Records from a collection
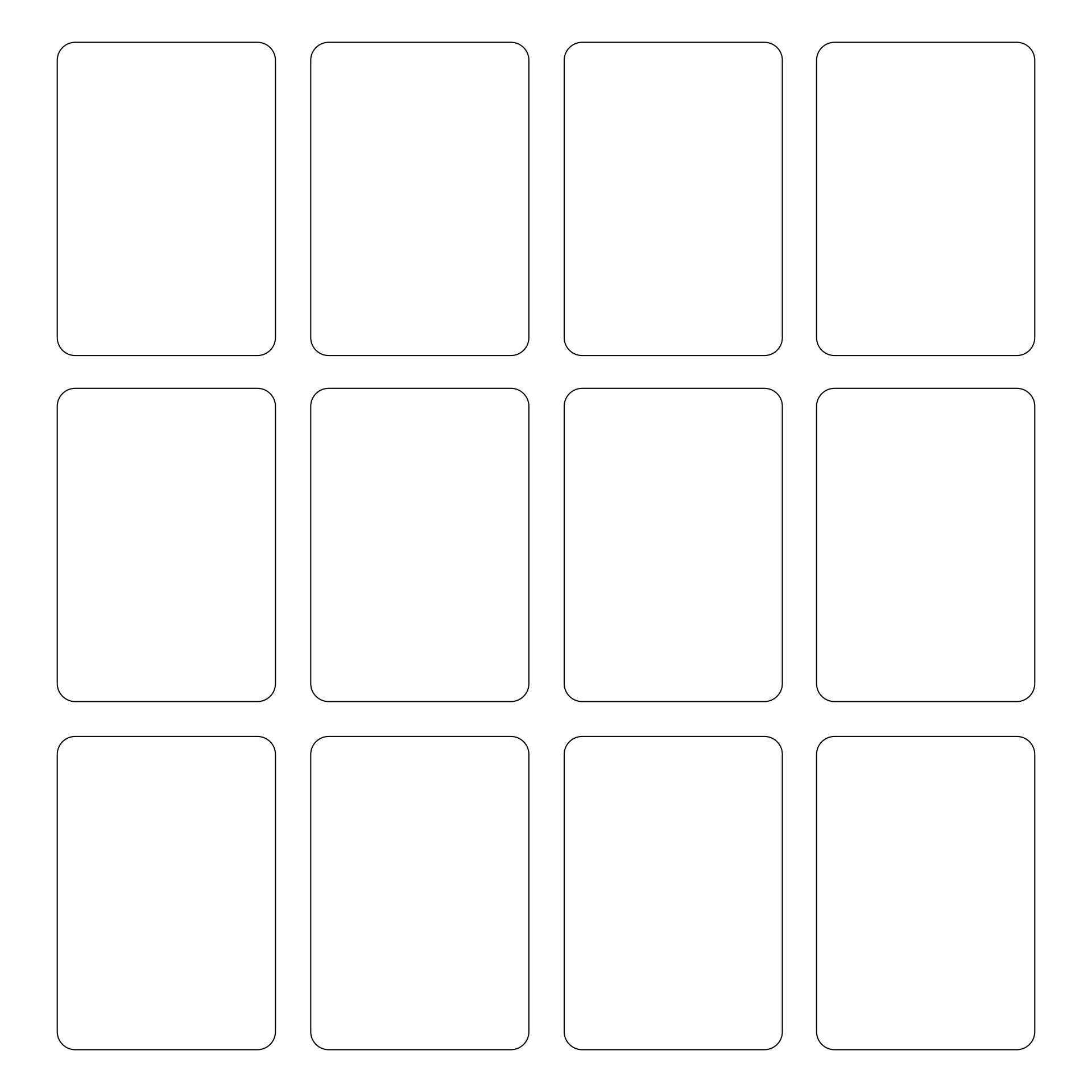 Printable Playing Card Blanks Printable Cards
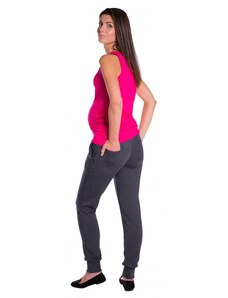 Pantaloni de trening moderni pentru gravide cu bandă detașabilă Be MaaMaa - grafit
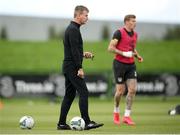 5 September 2020; Republic of Ireland manager Stephen Kenny and James McClean during a Republic of Ireland training session at FAI National Training Centre in Abbotstown, Dublin. Photo by Stephen McCarthy/Sportsfile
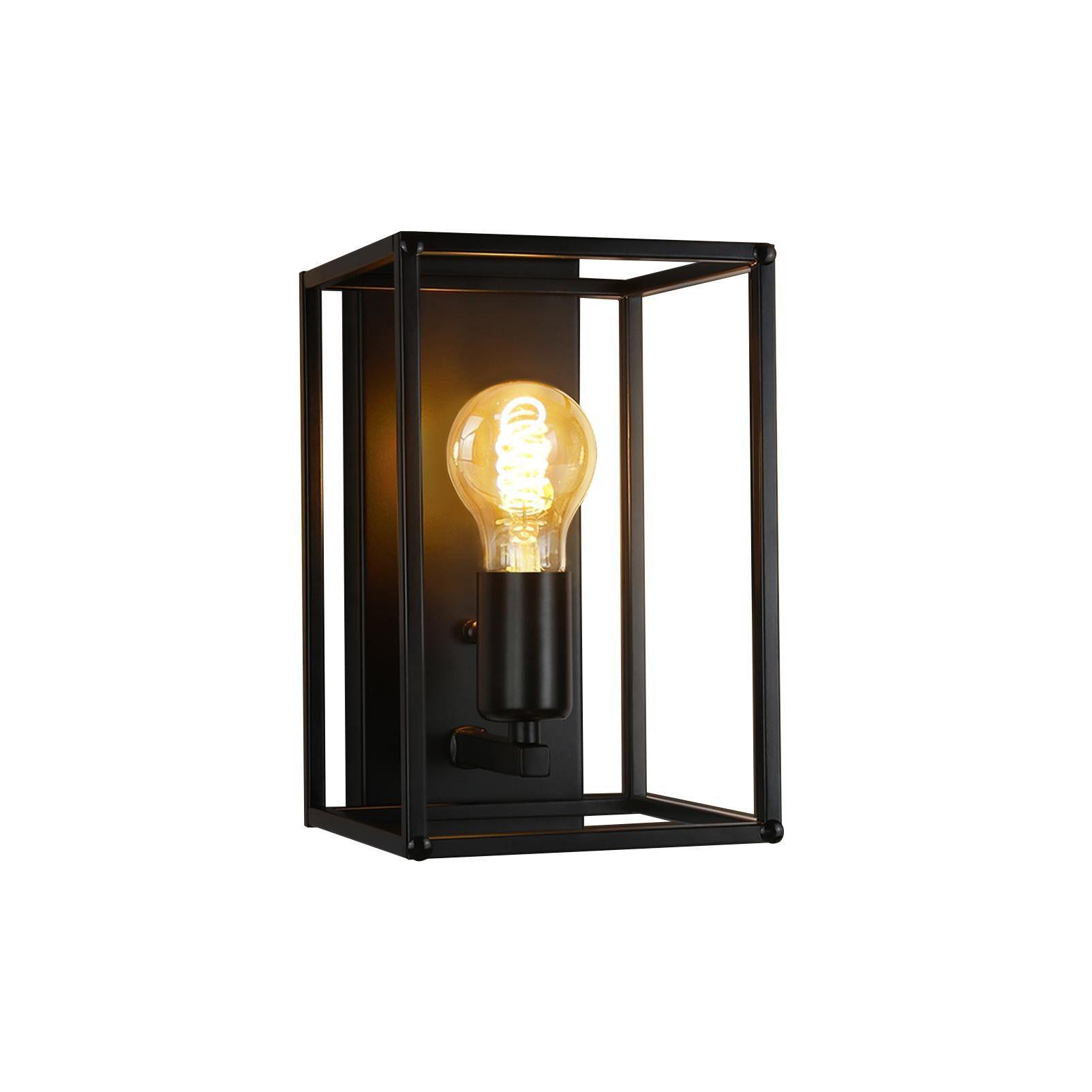 WANDLEUCHTE Solarium 23/18/15 cm - Schwarz, Metall (18/15/23cm) - ZMH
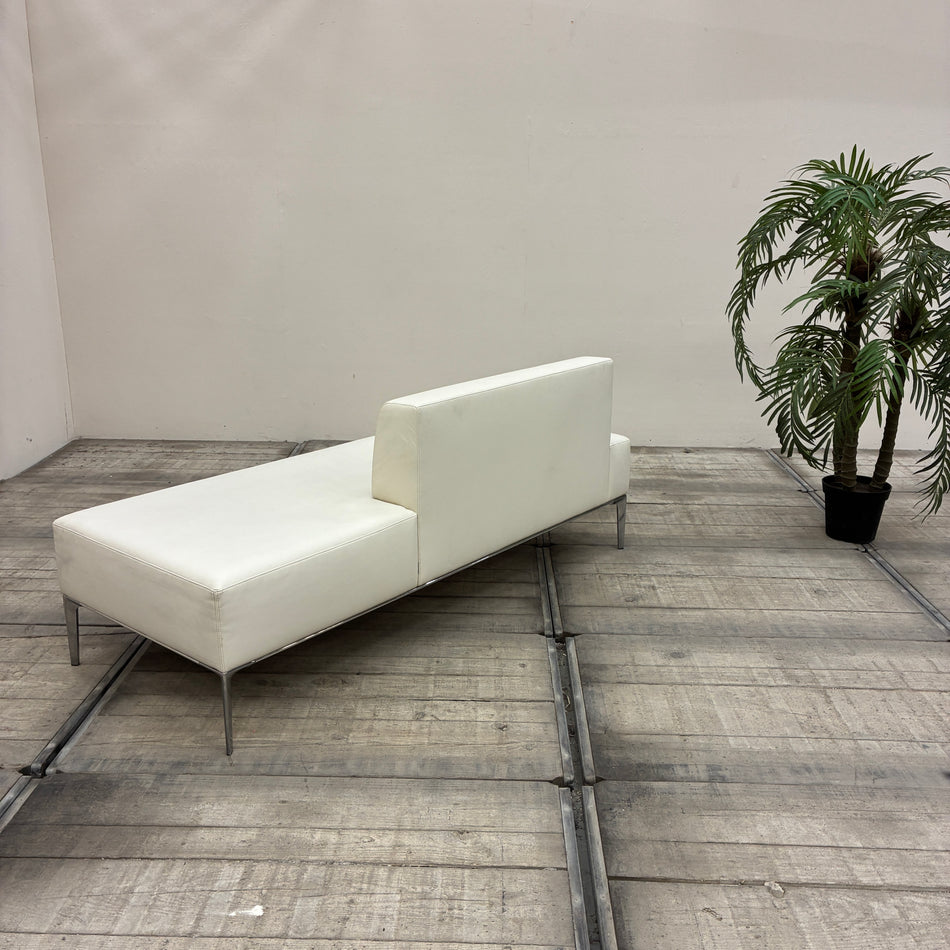 Walter Knoll Couch Weiß Leder Designklassiker 3 Sitzer Sofa Gebraucht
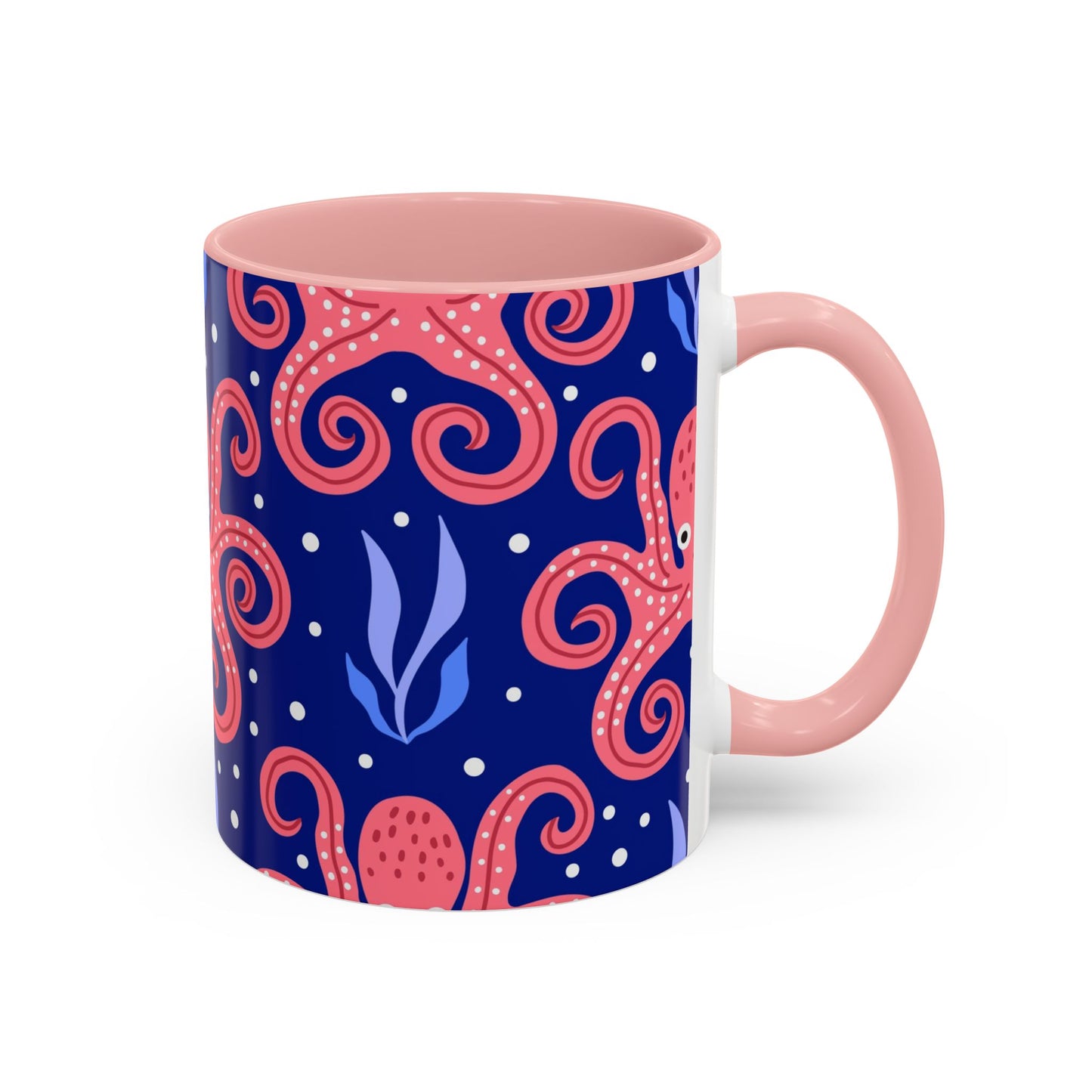 Accent Coffee Mug (11, 15oz), Tentacle Twist Octopus / Various Colors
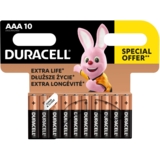 Лужні батарейки мізинчикові Duracell 1.5 V АAA LR03/MN2400, 10 шт. (5000394152557) - Pampik - 2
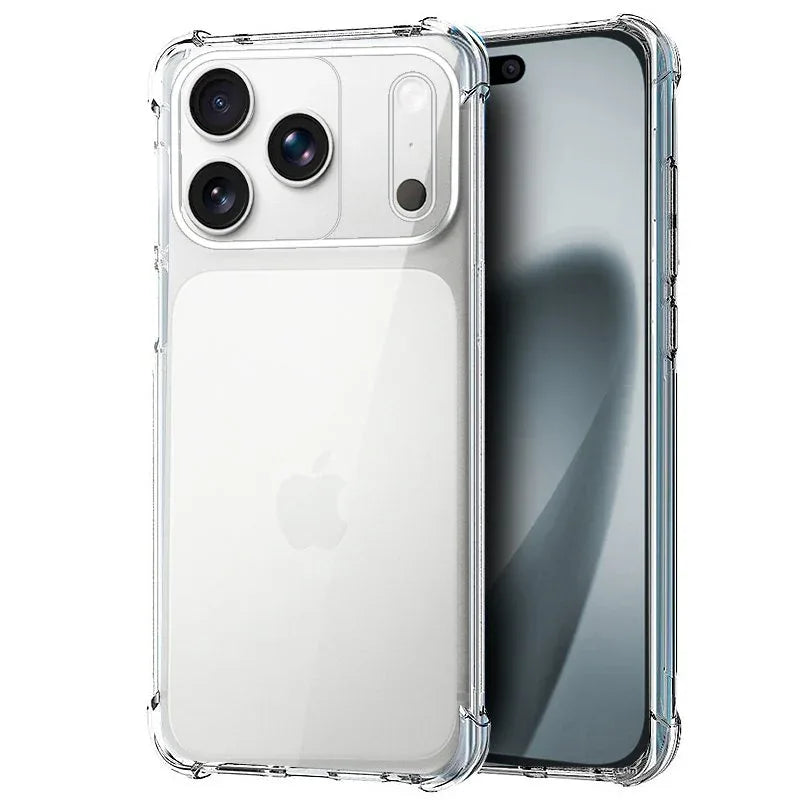 Carcasa COOL para iPhone 17 Pro AntiShock Transparente - PixelPlaza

THE PROBLEM:
All records above are to be printed exactly, minus the pictures they contain.

ANSWER TO THE EXERCISE:
 Printable Playing Card Blanks Printable Cards
 Pantaloni de trening moderni pentru gravide cu bandă detașabilă Be MaaMaa - grafit
 5 September 2020; Republic of Ireland manager Stephen Kenny and James McClean during a Republic of Ireland training session at FAI National Training Centre in Abbotstown, Dublin. Photo by Stephen McCarthy/Sportsfile
 WANDLEUCHTE Solarium 23/18/15 cm - Schwarz, Metall (18/15/23cm) - ZMH
 Walter Knoll Couch Weiß Leder Designklassiker 3 Sitzer Sofa Gebraucht
 Accent Coffee Mug (11, 15oz), Tentacle Twist Octopus / Various Colors
 Лужні батарейки мізинчикові Duracell 1.5 V АAA LR03/MN2400, 10 шт. (5000394152557) - Pampik - 2
 Carcasa COOL para iPhone 17 Pro AntiShock Transparente - PixelPlaza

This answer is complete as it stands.